L’exposition « Des hommes sans Histoire ? » a ouvert ses portes, jusqu’au 31 juillet, au musée des arts derniers à Paris. Dix-huit artistes internationaux se sont penchés sur le thème de la spoliation des biens culturels. A travers leurs œuvres, ils entendent dénoncer ce pillage en montrant le vide que ces vols ont laissés, en particulier sur le continent africain. Interview d’Olivier Sultan, commissaire de l’exposition.

Par Louise Simondet

musee.jpgAlors que se déroule au Quai Branly, à Paris, une exposition censée redonner toute sa valeur à l’art africain, le musée des Arts derniers, au travers de l’exposition « Des hommes sans histoire ? », entend dénoncer la spoliation de la culture africaine par les civilisations occidentales. Une exposition engagée, axée sur le dialogue entre artistes contemporains africains et européens, ouverte jusqu’au 31 juillet prochain. Les créations inédites de 18 plasticiens doivent permettre de faire écho au vide laissé par les objets dérobés à partir de la période coloniale et relevant des patrimoines nationaux. Une civilisation sans patrimoine peut-elle avoir une histoire ? L’exposition ouvre une fenêtre sur un thème récurrent dont on parle trop peu. Elle dénonce ce pillage culturel et redonne une mémoire collective à l’Afrique… Ce projet a pris naissance il y a un an et demi à l’initiative d’Olivier Sultan. Commissaire de l’exposition, mais aussi artiste, il a réalisé spécialement pour cette exposition une installation qui se nomme « La guerre de l’art ». Entretien.

Afrik.com : Quel a été le point de départ de ce cheminement artistique sur la spoliation des biens culturels ?

Olivier Sultan : Le thème c’est l’Afrique contemporaine. On a demandé à 18 artistes français et africains d’exprimer, chacun à sa manière, ce qu’ils ressentaient par rapport à ce manque de patrimoine culturel. Il s’agissait aussi de montrer le vide, laissé en Afrique, suite au pillage du temps de la colonisation ainsi qu’au pillage contemporain. Ces œuvres ont été commandées spécialement pour l’exposition, il y a un an et demi. La seule contrainte était le thème de départ, après ils pouvaient faire ce qu’ils voulaient. Les approches artistiques sont très diversifiées. Et le résultat montre des visions différentes sur la spoliation des biens culturels.

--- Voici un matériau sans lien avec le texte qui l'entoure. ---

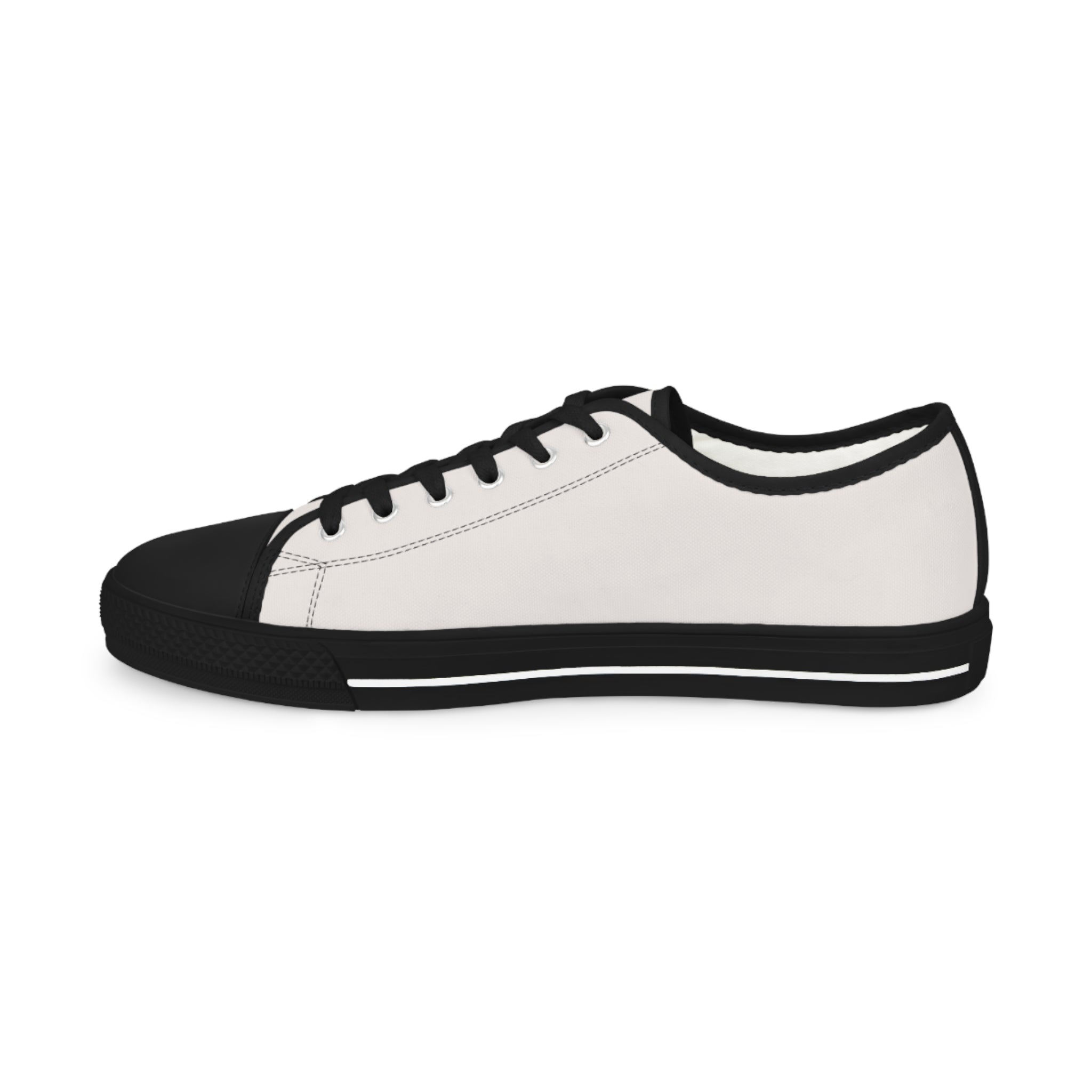 Men's White Low-Top Sneakers — Classic Canvas Casual Shoes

Afrik.com : Cette exposition a aussi une portée symbolique pour les artistes…

Olivier Sultan : Oui, l’art c’est aussi le symbole. On a enlevé des œuvres à ces peuples que les artistes font revivre symboliquement et de façon contemporaine. Il est un peu utopique et illusoire de penser que tout le patrimoine africain va être restitué. Par contre, répondre à ce vide par des œuvres d’art est un geste fort. D’une certaine façon, les artistes remettent tous ces objets volés dans la mémoire collective.

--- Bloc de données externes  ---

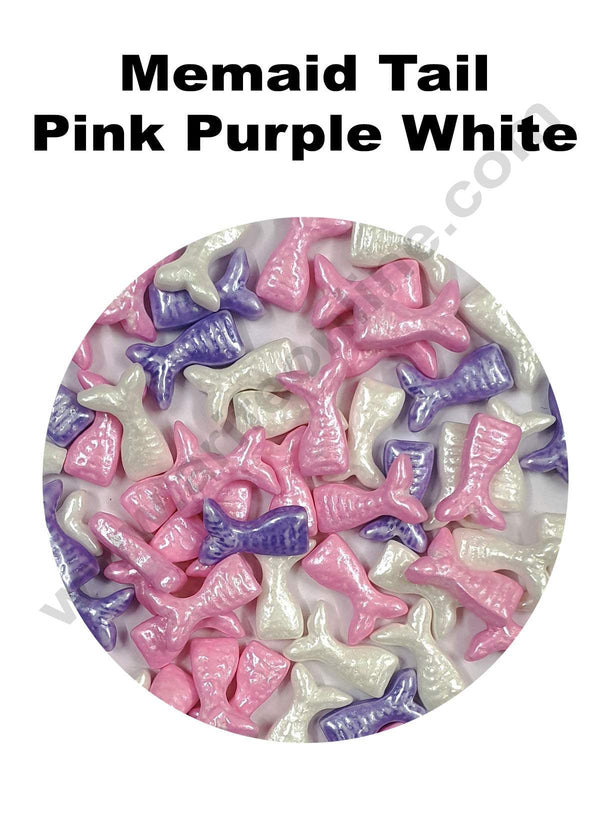 Cake Decor Sugar Candy - Mermaid Tail Pink Purple White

Afrik.com : Quel était l’état d’esprit de ces artistes occidentaux et africains ?

Olivier Sultan : Ce sont avant tout des artistes engagés. A travers leurs œuvres, ils avaient la volonté de dénoncer le monde dans lequel nous vivons, ce rapport qu’on entretien avec l’Afrique… Mais aussi ce silence. Quand on va jusqu’au bout, quand on ouvre cette boite-là, quand on met les pieds dans le plat, on entre en plein dans le problème. C’est un peu ce que les artistes ont fait. Le rôle de l’Europe pendant la colonisation et aujourd’hui par rapport à l’Afrique n’est pas très clair. Et je pense que c’est Franck Scurti qui a collé le plus au thème dans l’exposition. Il a fait un moulage de la chose qui n’est plus là, c’est-à-dire un masque africain blanc en plastique. Avec tout le symbole que ça peu comporter… C’est aussi l’empreinte qu’ont peut-être laissé ces masques dans l’imagination et dans la culture.

Afrik.com : Ce vide qu’ils veulent décrire ne reflète-t-il pas le monde dans lequel nous vivons ?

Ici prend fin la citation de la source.